The End of Winner-Takes-All
- Ryan Bunn
- Apr 15, 2024
- 4 min read
Updated: Aug 1, 2024
Complexity economics shows that, in a zero discount rate world, companies rationally pursue market domination—Today’s high discount rates mark the end of winner-takes-all economics—This new paradigm has implications for passive, US, and growth investing.
THE END OF WINNER-TAKES-ALL
In 1994, a new economic model was presented by W. Brian Arthur to explore rational pricing actions in markets with a winner-takes-all dynamic.[1] As we enter a new era of rising interest rates we have an opportunity to look at this theory to educate ourselves on where the markets may be headed.
THE THEORY
Arthur’s model explores the dynamics between market share, pricing strategy, and discount rates. The graph below summarizes the findings of the model.

In a low discount rate environment, where current profits and cash flow are less relevant, economic players are incentivized to pursue a winner-takes-all strategy. This is seen in the forefront of the chart where price is dropped to zero in an effort for one player to achieve a monopolistic share.
This dynamic accurately reflects yesterday’s low discount rate world. Businesses pursued highly aggressive customer acquisition strategies to monopolize markets. The model shows this to be rational with discount rates approaching zero.
Today, in a non-zero discount world, winner-takes-all economics are no longer rational. The background of the graph, a high discount rate environment, shows a gentle curve around market share and price. Economic players do not drop their prices to zero to capture share. Correspondingly, businesses can be profitable at all levels of market share, reducing the propensity for markets to become highly concentrated.
In retrospect, this model was highly accurate in predicting rising concentration of market share, and investment returns, in a declining discount rate world. Importantly, the model shows that discount rates are the lynchpin to this concentration. Today we know discount rates have increased. What are the model’s implications?
THE END OF PASSIVE-TAKES-ALL: BUY ACTIVE MANAGERS
Passive indexes own the largest stocks in the largest weights. In a declining discount rate world, where winner-takes-all economics are in play, the largest companies – past winners – continue to win. This dynamic has driven the outstanding returns of passive indexes over the last decade.

The Megacap-8 have outperformed the rest of the S&P by over 6x over the past decade.[2] Active managers without a full weight of this cohort were destined to underperform.
Arthur’s model suggests that this dynamic may be coming to an end, with rising discount rates as the catalyst. In this situation, passive indexes will be exposed, holding the largest weights of the businesses most at risk of share loss. The largest, most dominant players that drove historical returns now have the most to lose.
A RETURN TO DIVERSIFICATION: BUY INTERNATIONAL & EMERGING MARKETS
Driven by the global success of the Megacap-8, the US has dominated global equity returns. From 2010-2022, the US was the only major market to beat a global index.[3]
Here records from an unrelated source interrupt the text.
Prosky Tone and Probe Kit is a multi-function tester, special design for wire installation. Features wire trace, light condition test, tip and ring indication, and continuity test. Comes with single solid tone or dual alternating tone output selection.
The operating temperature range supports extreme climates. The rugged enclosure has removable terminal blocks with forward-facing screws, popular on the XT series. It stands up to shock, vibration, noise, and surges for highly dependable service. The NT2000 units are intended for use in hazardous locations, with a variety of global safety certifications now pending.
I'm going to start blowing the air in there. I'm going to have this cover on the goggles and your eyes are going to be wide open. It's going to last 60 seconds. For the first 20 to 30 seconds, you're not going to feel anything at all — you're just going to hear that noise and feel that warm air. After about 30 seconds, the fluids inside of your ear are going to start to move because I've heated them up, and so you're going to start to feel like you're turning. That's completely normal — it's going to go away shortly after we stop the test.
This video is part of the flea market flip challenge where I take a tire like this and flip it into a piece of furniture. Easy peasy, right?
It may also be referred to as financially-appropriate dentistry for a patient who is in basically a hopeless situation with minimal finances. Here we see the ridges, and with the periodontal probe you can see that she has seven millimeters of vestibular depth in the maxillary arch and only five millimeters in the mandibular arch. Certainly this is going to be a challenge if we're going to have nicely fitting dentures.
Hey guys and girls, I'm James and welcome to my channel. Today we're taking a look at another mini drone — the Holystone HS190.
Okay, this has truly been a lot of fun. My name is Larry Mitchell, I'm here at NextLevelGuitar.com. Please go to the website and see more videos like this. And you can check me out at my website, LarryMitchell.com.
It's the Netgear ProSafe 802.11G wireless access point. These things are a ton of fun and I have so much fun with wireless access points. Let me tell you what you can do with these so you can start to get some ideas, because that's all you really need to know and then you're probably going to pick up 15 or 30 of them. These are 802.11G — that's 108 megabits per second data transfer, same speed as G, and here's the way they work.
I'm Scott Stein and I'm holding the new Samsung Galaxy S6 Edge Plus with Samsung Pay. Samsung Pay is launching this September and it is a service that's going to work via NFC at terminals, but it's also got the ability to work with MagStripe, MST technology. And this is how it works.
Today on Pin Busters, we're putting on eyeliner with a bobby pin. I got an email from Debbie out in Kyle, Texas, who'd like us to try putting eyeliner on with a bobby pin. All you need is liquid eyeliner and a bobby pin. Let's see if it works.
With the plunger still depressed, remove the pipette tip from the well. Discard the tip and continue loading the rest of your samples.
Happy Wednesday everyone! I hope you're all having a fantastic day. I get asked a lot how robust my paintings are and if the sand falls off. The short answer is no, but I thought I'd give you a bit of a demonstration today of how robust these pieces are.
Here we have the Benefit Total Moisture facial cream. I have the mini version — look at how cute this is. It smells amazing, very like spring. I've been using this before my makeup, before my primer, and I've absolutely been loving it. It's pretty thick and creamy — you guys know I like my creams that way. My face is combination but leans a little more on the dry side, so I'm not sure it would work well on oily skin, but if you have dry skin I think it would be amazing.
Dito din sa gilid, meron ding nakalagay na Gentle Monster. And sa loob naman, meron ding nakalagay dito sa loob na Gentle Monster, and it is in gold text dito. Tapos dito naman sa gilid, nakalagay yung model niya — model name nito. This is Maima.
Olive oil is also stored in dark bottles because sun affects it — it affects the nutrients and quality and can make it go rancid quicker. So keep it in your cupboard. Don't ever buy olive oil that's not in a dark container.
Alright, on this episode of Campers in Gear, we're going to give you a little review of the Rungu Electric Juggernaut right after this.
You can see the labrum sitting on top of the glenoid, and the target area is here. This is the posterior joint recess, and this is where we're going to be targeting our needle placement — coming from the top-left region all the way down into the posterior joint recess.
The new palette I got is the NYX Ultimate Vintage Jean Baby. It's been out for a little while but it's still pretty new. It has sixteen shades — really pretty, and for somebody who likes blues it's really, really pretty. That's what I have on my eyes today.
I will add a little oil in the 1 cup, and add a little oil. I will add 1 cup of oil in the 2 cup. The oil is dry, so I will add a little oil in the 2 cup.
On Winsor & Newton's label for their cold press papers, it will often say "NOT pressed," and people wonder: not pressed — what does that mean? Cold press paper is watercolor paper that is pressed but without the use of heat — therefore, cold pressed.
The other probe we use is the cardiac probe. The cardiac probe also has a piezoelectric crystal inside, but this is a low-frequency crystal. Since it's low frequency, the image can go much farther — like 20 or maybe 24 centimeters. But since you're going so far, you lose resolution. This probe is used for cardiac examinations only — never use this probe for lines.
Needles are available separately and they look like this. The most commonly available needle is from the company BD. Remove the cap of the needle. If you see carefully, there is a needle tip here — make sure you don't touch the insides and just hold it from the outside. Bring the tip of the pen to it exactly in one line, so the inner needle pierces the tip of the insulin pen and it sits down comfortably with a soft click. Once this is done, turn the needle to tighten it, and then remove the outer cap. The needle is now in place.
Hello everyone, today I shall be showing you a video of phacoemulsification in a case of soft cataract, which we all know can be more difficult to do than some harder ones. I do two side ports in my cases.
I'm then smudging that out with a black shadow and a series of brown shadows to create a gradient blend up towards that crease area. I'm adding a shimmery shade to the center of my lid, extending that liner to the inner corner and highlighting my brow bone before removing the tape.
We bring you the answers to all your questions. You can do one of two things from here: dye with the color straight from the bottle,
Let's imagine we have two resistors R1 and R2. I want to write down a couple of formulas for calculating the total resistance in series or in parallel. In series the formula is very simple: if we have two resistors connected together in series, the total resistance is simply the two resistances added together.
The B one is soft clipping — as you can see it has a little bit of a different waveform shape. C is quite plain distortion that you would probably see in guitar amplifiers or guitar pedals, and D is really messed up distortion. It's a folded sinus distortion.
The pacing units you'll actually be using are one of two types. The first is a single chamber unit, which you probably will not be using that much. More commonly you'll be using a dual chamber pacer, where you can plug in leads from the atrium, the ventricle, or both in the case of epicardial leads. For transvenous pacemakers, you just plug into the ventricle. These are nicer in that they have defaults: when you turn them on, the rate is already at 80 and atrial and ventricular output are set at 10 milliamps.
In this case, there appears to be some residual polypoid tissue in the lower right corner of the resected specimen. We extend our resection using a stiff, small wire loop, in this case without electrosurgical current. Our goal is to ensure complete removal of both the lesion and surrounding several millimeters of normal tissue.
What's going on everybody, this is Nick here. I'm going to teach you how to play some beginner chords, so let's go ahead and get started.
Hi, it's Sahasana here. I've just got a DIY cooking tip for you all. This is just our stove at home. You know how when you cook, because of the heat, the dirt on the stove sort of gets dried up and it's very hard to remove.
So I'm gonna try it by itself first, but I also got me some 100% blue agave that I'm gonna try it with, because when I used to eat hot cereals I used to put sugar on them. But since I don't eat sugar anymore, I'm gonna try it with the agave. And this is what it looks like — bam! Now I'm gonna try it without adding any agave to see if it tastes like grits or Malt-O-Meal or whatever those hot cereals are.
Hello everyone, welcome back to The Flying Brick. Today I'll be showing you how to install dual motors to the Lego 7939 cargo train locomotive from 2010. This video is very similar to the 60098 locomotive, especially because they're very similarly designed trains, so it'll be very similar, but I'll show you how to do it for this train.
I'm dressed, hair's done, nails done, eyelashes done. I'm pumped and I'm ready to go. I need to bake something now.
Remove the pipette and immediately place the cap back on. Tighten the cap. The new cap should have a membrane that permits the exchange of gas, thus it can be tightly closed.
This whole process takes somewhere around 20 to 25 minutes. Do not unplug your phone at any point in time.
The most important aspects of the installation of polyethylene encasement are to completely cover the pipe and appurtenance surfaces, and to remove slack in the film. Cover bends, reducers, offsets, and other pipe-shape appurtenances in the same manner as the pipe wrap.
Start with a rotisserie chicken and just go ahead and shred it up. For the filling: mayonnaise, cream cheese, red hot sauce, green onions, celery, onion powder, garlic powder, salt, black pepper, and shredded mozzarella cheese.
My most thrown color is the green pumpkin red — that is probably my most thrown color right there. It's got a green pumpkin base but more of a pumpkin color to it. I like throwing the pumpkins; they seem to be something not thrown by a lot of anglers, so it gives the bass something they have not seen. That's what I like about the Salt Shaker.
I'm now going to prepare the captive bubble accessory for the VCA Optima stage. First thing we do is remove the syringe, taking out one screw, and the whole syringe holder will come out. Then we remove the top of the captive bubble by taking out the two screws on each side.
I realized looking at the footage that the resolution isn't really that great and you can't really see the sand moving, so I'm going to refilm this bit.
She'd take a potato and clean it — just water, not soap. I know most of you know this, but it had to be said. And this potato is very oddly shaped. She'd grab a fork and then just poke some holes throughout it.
The model supports this dynamic. US-based businesses aggressively leveraged cheap capital to dominate global markets. As this winner-takes-all dynamic fades, an overweighting to US equities is a key risk for allocators.
THE END OF DISRUPTION: RETURN TO VALUE INVESTING
Winner-takes-all environments lend themselves to disruption. In a low discount rate environment, “old world” businesses are assaulted by well-funded ventures.
It is certainly uncomfortable to be an underfunded incumbent attempting to fend off hard-charging startups in a low discount rate environment – just ask any taxi driver, car manufacturer, or energy producer.
The past decade has trained investors that disruption is real, happens often and quickly, and offers enormous investment returns. But were we witnessing disruption (i.e., a drastic improvement of consumer living standards) or just a winner-takes-all share grab?
True disruption may be hard to come by in the future. The assault on old world businesses is likely to slow as new entrants are more disciplined on spending. The combination of declining competitive intensity and attractive valuations for out-of-favor value investments bodes well for future returns.
THEORY TO REALITY
Our observations predict a reversal of the last decade's economic trends. But “reversion to the mean” is a classic value investor mistake. In this case, though, we have an economic model, and more importantly, a clear catalyst (rising discount rates), that foreshadows a change in market dynamics.
In addition, as long-term investors, we are excited to benefit from this insight for the next decade. While the rise in interest rates has instigated a change in economic incentives, nothing about the model suggests market share will adjust instantaneously. In fact, the process will take years to play out as economic players review their pricing strategies and consumers shift their preferences in response.
Finally, we’d note that these inflection points are rare in history – discount rates have been declining for 40 years! Few investors in today’s market were even alive to experience a world of rising discount rates. If we are seeing a reversal of winner-takes-all dynamics, there is a clear opportunity for allocators and investors to position themselves for success for the next era of investing by implementing contrarian views.
[1] W. Brian Arthur: “Strategic Pricing in Markets with Increasing Returns.”